First of all, the notes do not express learning and, for this reason, they constitute the poorest means of communication between teachers and students and between colleagues. A grade of 80% may be the result of a strong student who experienced health issues that disrupted her session; or that of a weak student who worked hard and made significant progress between the beginning and the end of the session; or that of a student passionate about the subject, but struggling with an undiagnosed learning disability. There are dozens of learning scenarios for the same note. In general, learning pathways are diverse, multifactorial, and too complex to be adequately expressed by a grade.
Second, the grades cause anxiety and stress that strongly impede learning. While the Quebec school, and society in general, sees the importance of taking care of our mental health, this consideration alone is enough to call into question the encrypted report cards at school. In CEGEP, student performance anxiety is no longer an exception, it is the norm. Students compare themselves to the average, rarely to themselves. The feedback we give on student papers is most often ignored, or read exclusively as justification for points awarded or taken away, and not as an opportunity to learn and grow.
Then, the marks punish the error, however integral part of the learning process. Learning from mistakes, taking risks, exploring, trying to go after an idea or a project should be much more valued by the school. Alas, each mistake costs “points”. This encourages students to take a minimum of risk to maximize their (quantified) benefits, and therefore to deprive themselves of important opportunities to better understand their interests, strengths, and needs.
In addition, grades pervert the pedagogical relationship between teachers and students. They guide him towards the justification of grades and the haggling of points. Freed from the shackles of grades, this relationship could regain its pedagogical meaning, namely that of supporting and encouraging everyone’s learning.

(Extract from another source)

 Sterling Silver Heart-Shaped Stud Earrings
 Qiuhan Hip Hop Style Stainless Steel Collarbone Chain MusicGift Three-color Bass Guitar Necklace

Finally, in general, the problem of grades joins that of educational inequalities. The school notes to classify the pupils among themselves, which is not a pedagogical purpose. This is what rightly denounces the report of the Higher Council of Education “Evaluate so that it really counts”, which launched the reflection of the Henri-Beaulieu school on the notes.
We mark to select the “best” (for special vocations, private schools, university, scholarships, quota programs, etc.). In this sense, grades are necessary not for life, but certainly for the meritocratic ideology, according to which everyone deserves their fate in perfect equality of opportunity.
But the meritocratic ideology is as false as it is unjust. False, because in a society with increasingly marked inequalities, schools fail to ensure equal opportunities. False also, because unchosen individual realities (mental health, family environment, parents’ level of education, etc.) invalidate the ability of professors to objectively measure the individual merit of their students.
Finally, meritocracy is unfair because it teaches losers in the school system that they have only themselves to blame, and makes winners believe that they alone deserve all the privileges and benefits. that their academic success brings them.